> **Instructions to follow**: Retype exactly the lines that run from the start of the data to the line holding "Make Pumpkin cookies step 15", including both, and only those.

(Items from a data source)
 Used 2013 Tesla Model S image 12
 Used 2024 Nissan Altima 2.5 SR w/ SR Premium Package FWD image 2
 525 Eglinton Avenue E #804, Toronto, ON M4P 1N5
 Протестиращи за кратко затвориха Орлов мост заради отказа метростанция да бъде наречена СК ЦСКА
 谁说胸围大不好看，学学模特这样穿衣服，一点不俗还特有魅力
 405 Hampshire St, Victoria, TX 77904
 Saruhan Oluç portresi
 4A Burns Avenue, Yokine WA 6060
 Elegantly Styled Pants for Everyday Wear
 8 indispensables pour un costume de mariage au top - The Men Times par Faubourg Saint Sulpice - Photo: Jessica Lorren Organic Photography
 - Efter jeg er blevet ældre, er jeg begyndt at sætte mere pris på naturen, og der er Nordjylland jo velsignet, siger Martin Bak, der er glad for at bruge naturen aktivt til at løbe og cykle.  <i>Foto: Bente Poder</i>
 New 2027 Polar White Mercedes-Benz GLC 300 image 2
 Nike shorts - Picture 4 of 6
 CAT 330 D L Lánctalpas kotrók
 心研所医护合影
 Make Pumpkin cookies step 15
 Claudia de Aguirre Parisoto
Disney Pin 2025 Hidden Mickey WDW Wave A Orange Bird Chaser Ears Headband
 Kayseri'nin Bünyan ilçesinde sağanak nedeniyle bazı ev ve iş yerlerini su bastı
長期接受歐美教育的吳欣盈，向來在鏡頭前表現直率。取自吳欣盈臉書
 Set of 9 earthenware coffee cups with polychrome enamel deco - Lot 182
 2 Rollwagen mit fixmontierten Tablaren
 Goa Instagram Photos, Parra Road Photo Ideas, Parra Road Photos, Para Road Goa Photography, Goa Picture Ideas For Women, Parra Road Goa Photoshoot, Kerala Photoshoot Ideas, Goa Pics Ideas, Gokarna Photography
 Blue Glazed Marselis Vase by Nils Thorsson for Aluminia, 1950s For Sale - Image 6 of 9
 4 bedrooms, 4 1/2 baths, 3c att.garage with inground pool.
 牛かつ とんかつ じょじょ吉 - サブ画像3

> **Response**:
 Used 2013 Tesla Model S image 12
 Used 2024 Nissan Altima 2.5 SR w/ SR Premium Package FWD image 2
 525 Eglinton Avenue E #804, Toronto, ON M4P 1N5
 Протестиращи за кратко затвориха Орлов мост заради отказа метростанция да бъде наречена СК ЦСКА
 谁说胸围大不好看，学学模特这样穿衣服，一点不俗还特有魅力
 405 Hampshire St, Victoria, TX 77904
 Saruhan Oluç portresi
 4A Burns Avenue, Yokine WA 6060
 Elegantly Styled Pants for Everyday Wear
 8 indispensables pour un costume de mariage au top - The Men Times par Faubourg Saint Sulpice - Photo: Jessica Lorren Organic Photography
 - Efter jeg er blevet ældre, er jeg begyndt at sætte mere pris på naturen, og der er Nordjylland jo velsignet, siger Martin Bak, der er glad for at bruge naturen aktivt til at løbe og cykle.  <i>Foto: Bente Poder</i>
 New 2027 Polar White Mercedes-Benz GLC 300 image 2
 Nike shorts - Picture 4 of 6
 CAT 330 D L Lánctalpas kotrók
 心研所医护合影
 Make Pumpkin cookies step 15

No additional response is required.